*Requirement*.
The lines that make up this material should each be returned exactly.

Records for this task Block Start

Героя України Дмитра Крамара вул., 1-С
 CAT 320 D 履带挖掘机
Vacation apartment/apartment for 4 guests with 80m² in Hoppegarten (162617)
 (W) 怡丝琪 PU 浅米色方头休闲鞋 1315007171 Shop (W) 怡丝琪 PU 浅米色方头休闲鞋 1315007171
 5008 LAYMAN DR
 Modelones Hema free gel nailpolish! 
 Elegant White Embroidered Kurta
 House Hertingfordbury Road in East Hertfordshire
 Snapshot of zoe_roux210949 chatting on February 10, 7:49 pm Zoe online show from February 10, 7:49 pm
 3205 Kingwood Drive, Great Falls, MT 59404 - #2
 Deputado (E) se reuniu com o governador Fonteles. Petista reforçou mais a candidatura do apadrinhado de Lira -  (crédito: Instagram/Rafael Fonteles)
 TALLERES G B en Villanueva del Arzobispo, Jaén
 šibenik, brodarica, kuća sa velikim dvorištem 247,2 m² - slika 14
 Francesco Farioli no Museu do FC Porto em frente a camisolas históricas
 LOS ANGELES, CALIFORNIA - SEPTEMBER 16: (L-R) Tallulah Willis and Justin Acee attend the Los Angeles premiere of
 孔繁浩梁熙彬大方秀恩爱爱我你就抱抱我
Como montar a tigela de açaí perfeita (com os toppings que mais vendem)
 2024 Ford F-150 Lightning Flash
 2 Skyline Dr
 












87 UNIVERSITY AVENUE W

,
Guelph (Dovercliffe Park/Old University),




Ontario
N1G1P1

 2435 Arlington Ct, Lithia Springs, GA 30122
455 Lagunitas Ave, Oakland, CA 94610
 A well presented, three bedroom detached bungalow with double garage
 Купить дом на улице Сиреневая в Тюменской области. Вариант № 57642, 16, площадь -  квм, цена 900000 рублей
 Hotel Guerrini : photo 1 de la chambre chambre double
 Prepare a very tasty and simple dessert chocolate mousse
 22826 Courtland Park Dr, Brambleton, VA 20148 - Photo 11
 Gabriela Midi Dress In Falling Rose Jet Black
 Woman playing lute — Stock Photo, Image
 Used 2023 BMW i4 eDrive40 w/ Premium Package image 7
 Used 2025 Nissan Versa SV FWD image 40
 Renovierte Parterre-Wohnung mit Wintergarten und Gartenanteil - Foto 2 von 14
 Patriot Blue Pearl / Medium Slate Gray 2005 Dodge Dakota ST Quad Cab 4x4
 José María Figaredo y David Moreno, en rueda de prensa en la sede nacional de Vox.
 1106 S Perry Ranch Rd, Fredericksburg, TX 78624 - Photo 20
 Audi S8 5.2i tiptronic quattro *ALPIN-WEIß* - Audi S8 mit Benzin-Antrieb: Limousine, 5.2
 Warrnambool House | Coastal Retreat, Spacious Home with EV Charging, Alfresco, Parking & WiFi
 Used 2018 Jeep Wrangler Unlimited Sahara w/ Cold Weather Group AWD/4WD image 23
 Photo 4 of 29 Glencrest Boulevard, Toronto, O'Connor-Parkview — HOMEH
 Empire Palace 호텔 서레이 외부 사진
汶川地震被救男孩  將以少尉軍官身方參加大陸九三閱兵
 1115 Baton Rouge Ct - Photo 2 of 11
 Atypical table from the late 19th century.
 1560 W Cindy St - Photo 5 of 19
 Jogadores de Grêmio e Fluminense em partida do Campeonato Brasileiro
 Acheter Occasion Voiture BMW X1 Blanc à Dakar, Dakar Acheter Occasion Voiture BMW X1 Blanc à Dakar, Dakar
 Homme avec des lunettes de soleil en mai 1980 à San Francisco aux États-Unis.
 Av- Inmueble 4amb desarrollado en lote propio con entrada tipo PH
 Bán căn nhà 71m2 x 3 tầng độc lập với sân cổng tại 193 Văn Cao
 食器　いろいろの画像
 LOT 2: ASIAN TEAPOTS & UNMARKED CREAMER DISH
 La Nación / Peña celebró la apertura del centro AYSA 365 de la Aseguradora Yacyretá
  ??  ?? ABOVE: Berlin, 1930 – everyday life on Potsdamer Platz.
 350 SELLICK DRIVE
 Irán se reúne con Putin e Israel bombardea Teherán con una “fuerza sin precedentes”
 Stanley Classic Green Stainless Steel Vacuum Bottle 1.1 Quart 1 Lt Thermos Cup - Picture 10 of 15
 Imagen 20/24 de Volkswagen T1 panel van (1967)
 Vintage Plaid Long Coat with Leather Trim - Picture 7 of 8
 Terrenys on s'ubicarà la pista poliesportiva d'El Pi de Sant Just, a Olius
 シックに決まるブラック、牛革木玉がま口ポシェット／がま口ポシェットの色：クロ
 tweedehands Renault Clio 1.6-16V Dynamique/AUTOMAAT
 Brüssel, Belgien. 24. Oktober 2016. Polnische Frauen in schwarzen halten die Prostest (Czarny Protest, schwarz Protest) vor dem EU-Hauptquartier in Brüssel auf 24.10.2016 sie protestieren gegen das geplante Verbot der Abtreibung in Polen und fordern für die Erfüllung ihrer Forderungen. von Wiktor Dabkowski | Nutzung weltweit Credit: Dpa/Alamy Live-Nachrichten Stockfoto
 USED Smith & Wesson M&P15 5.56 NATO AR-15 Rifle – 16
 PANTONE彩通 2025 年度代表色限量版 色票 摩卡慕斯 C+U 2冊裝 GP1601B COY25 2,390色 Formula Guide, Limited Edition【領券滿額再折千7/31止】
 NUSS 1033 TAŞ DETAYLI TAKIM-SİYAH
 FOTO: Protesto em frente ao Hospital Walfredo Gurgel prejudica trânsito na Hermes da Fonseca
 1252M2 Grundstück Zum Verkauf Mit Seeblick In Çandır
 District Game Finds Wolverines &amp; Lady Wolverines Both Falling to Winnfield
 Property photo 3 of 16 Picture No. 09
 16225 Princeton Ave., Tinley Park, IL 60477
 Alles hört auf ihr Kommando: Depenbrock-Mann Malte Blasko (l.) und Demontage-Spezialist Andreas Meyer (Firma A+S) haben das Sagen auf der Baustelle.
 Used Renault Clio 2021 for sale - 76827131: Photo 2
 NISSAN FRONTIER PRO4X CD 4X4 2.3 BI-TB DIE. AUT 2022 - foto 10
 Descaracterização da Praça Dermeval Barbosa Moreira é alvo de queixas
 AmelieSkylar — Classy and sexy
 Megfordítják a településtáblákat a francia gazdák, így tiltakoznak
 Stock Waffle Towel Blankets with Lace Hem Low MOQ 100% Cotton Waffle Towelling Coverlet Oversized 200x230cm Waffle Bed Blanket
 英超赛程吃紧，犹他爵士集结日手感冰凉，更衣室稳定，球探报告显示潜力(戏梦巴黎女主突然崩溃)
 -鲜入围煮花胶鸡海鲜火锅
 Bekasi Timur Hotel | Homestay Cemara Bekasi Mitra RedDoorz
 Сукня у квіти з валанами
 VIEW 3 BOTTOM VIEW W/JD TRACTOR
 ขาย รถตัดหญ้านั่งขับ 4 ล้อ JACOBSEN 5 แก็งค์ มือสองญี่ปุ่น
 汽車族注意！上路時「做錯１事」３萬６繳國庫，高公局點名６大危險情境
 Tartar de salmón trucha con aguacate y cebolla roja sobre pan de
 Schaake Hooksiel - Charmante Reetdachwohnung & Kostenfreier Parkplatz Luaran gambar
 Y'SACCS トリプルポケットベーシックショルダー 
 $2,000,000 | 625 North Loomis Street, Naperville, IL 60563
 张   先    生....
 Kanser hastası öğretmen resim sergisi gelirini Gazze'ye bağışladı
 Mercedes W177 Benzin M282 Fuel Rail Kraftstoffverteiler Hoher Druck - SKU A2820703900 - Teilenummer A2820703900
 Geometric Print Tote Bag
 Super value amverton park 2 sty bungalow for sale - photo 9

Records for this task Block End

*Written response*.
Героя України Дмитра Крамара вул., 1-С
 CAT 320 D 履带挖掘机
Vacation apartment/apartment for 4 guests with 80m² in Hoppegarten (162617)
 (W) 怡丝琪 PU 浅米色方头休闲鞋 1315007171 Shop (W) 怡丝琪 PU 浅米色方头休闲鞋 1315007171
 5008 LAYMAN DR
 Modelones Hema free gel nailpolish! 
 Elegant White Embroidered Kurta
 House Hertingfordbury Road in East Hertfordshire
 Snapshot of zoe_roux210949 chatting on February 10, 7:49 pm Zoe online show from February 10, 7:49 pm
 3205 Kingwood Drive, Great Falls, MT 59404 - #2
 Deputado (E) se reuniu com o governador Fonteles. Petista reforçou mais a candidatura do apadrinhado de Lira -  (crédito: Instagram/Rafael Fonteles)
 TALLERES G B en Villanueva del Arzobispo, Jaén
 šibenik, brodarica, kuća sa velikim dvorištem 247,2 m² - slika 14
 Francesco Farioli no Museu do FC Porto em frente a camisolas históricas
 LOS ANGELES, CALIFORNIA - SEPTEMBER 16: (L-R) Tallulah Willis and Justin Acee attend the Los Angeles premiere of
 孔繁浩梁熙彬大方秀恩爱爱我你就抱抱我
Como montar a tigela de açaí perfeita (com os toppings que mais vendem)
 2024 Ford F-150 Lightning Flash
 2 Skyline Dr
 












87 UNIVERSITY AVENUE W

,
Guelph (Dovercliffe Park/Old University),




Ontario
N1G1P1

 2435 Arlington Ct, Lithia Springs, GA 30122
455 Lagunitas Ave, Oakland, CA 94610
 A well presented, three bedroom detached bungalow with double garage
 Купить дом на улице Сиреневая в Тюменской области. Вариант № 57642, 16, площадь -  квм, цена 900000 рублей
 Hotel Guerrini : photo 1 de la chambre chambre double
 Prepare a very tasty and simple dessert chocolate mousse
 22826 Courtland Park Dr, Brambleton, VA 20148 - Photo 11
 Gabriela Midi Dress In Falling Rose Jet Black
 Woman playing lute — Stock Photo, Image
 Used 2023 BMW i4 eDrive40 w/ Premium Package image 7
 Used 2025 Nissan Versa SV FWD image 40
 Renovierte Parterre-Wohnung mit Wintergarten und Gartenanteil - Foto 2 von 14
 Patriot Blue Pearl / Medium Slate Gray 2005 Dodge Dakota ST Quad Cab 4x4
 José María Figaredo y David Moreno, en rueda de prensa en la sede nacional de Vox.
 1106 S Perry Ranch Rd, Fredericksburg, TX 78624 - Photo 20
 Audi S8 5.2i tiptronic quattro *ALPIN-WEIß* - Audi S8 mit Benzin-Antrieb: Limousine, 5.2
 Warrnambool House | Coastal Retreat, Spacious Home with EV Charging, Alfresco, Parking & WiFi
 Used 2018 Jeep Wrangler Unlimited Sahara w/ Cold Weather Group AWD/4WD image 23
 Photo 4 of 29 Glencrest Boulevard, Toronto, O'Connor-Parkview — HOMEH
 Empire Palace 호텔 서레이 외부 사진
汶川地震被救男孩  將以少尉軍官身方參加大陸九三閱兵
 1115 Baton Rouge Ct - Photo 2 of 11
 Atypical table from the late 19th century.
 1560 W Cindy St - Photo 5 of 19
 Jogadores de Grêmio e Fluminense em partida do Campeonato Brasileiro
 Acheter Occasion Voiture BMW X1 Blanc à Dakar, Dakar Acheter Occasion Voiture BMW X1 Blanc à Dakar, Dakar
 Homme avec des lunettes de soleil en mai 1980 à San Francisco aux États-Unis.
 Av- Inmueble 4amb desarrollado en lote propio con entrada tipo PH
 Bán căn nhà 71m2 x 3 tầng độc lập với sân cổng tại 193 Văn Cao
 食器　いろいろの画像
 LOT 2: ASIAN TEAPOTS & UNMARKED CREAMER DISH
 La Nación / Peña celebró la apertura del centro AYSA 365 de la Aseguradora Yacyretá
  ??  ?? ABOVE: Berlin, 1930 – everyday life on Potsdamer Platz.
 350 SELLICK DRIVE
 Irán se reúne con Putin e Israel bombardea Teherán con una “fuerza sin precedentes”
 Stanley Classic Green Stainless Steel Vacuum Bottle 1.1 Quart 1 Lt Thermos Cup - Picture 10 of 15
 Imagen 20/24 de Volkswagen T1 panel van (1967)
 Vintage Plaid Long Coat with Leather Trim - Picture 7 of 8
 Terrenys on s'ubicarà la pista poliesportiva d'El Pi de Sant Just, a Olius
 シックに決まるブラック、牛革木玉がま口ポシェット／がま口ポシェットの色：クロ
 tweedehands Renault Clio 1.6-16V Dynamique/AUTOMAAT
 Brüssel, Belgien. 24. Oktober 2016. Polnische Frauen in schwarzen halten die Prostest (Czarny Protest, schwarz Protest) vor dem EU-Hauptquartier in Brüssel auf 24.10.2016 sie protestieren gegen das geplante Verbot der Abtreibung in Polen und fordern für die Erfüllung ihrer Forderungen. von Wiktor Dabkowski | Nutzung weltweit Credit: Dpa/Alamy Live-Nachrichten Stockfoto
 USED Smith & Wesson M&P15 5.56 NATO AR-15 Rifle – 16
 PANTONE彩通 2025 年度代表色限量版 色票 摩卡慕斯 C+U 2冊裝 GP1601B COY25 2,390色 Formula Guide, Limited Edition【領券滿額再折千7/31止】
 NUSS 1033 TAŞ DETAYLI TAKIM-SİYAH
 FOTO: Protesto em frente ao Hospital Walfredo Gurgel prejudica trânsito na Hermes da Fonseca
 1252M2 Grundstück Zum Verkauf Mit Seeblick In Çandır
 District Game Finds Wolverines &amp; Lady Wolverines Both Falling to Winnfield
 Property photo 3 of 16 Picture No. 09
 16225 Princeton Ave., Tinley Park, IL 60477
 Alles hört auf ihr Kommando: Depenbrock-Mann Malte Blasko (l.) und Demontage-Spezialist Andreas Meyer (Firma A+S) haben das Sagen auf der Baustelle.
 Used Renault Clio 2021 for sale - 76827131: Photo 2
 NISSAN FRONTIER PRO4X CD 4X4 2.3 BI-TB DIE. AUT 2022 - foto 10
 Descaracterização da Praça Dermeval Barbosa Moreira é alvo de queixas
 AmelieSkylar — Classy and sexy
 Megfordítják a településtáblákat a francia gazdák, így tiltakoznak
 Stock Waffle Towel Blankets with Lace Hem Low MOQ 100% Cotton Waffle Towelling Coverlet Oversized 200x230cm Waffle Bed Blanket
 英超赛程吃紧，犹他爵士集结日手感冰凉，更衣室稳定，球探报告显示潜力(戏梦巴黎女主突然崩溃)
 -鲜入围煮花胶鸡海鲜火锅
 Bekasi Timur Hotel | Homestay Cemara Bekasi Mitra RedDoorz
 Сукня у квіти з валанами
 VIEW 3 BOTTOM VIEW W/JD TRACTOR
 ขาย รถตัดหญ้านั่งขับ 4 ล้อ JACOBSEN 5 แก็งค์ มือสองญี่ปุ่น
 汽車族注意！上路時「做錯１事」３萬６繳國庫，高公局點名６大危險情境
 Tartar de salmón trucha con aguacate y cebolla roja sobre pan de
 Schaake Hooksiel - Charmante Reetdachwohnung & Kostenfreier Parkplatz Luaran gambar
 Y'SACCS トリプルポケットベーシックショルダー 
 $2,000,000 | 625 North Loomis Street, Naperville, IL 60563
 张   先    生....
 Kanser hastası öğretmen resim sergisi gelirini Gazze'ye bağışladı
 Mercedes W177 Benzin M282 Fuel Rail Kraftstoffverteiler Hoher Druck - SKU A2820703900 - Teilenummer A2820703900
 Geometric Print Tote Bag
 Super value amverton park 2 sty bungalow for sale - photo 9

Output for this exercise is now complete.